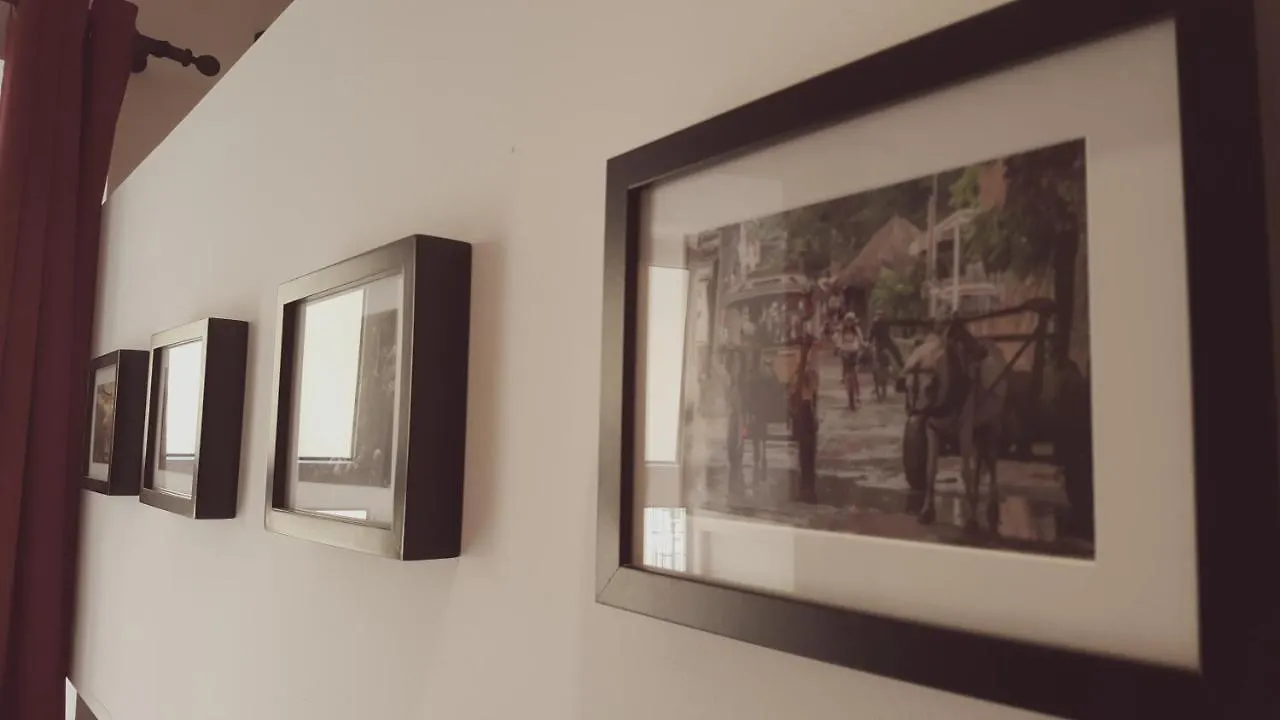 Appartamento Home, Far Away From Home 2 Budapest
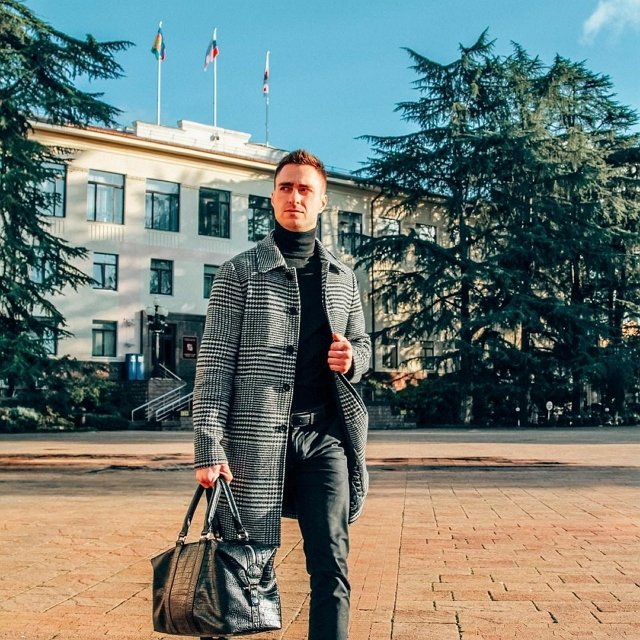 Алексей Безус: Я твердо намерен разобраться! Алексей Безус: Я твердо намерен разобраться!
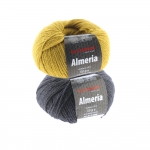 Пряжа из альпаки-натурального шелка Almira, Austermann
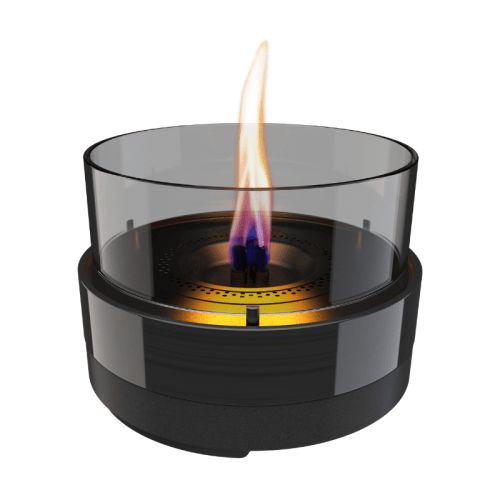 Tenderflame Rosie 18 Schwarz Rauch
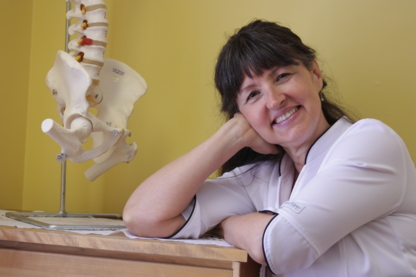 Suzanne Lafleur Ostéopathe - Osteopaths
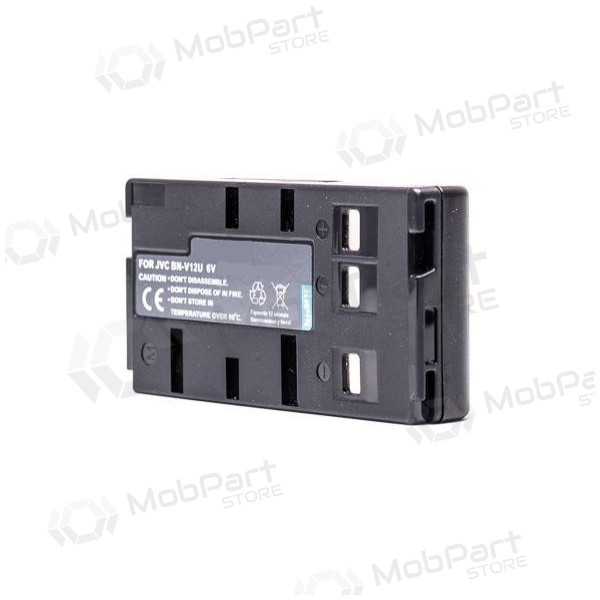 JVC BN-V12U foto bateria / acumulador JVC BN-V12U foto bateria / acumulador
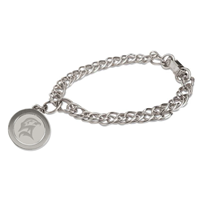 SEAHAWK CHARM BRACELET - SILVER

=-=-=-=-=

* [ACTIVITY] Print the material above once more, exactly, minus the pictures.

* [WORKED SOLUTION]
 Appartamento Home, Far Away From Home 2 Budapest
 Алексей Безус: Я твердо намерен разобраться! Алексей Безус: Я твердо намерен разобраться!
 Пряжа из альпаки-натурального шелка Almira, Austermann
 Tenderflame Rosie 18 Schwarz Rauch
 Suzanne Lafleur Ostéopathe - Osteopaths
 JVC BN-V12U foto bateria / acumulador JVC BN-V12U foto bateria / acumulador
 SEAHAWK CHARM BRACELET - SILVER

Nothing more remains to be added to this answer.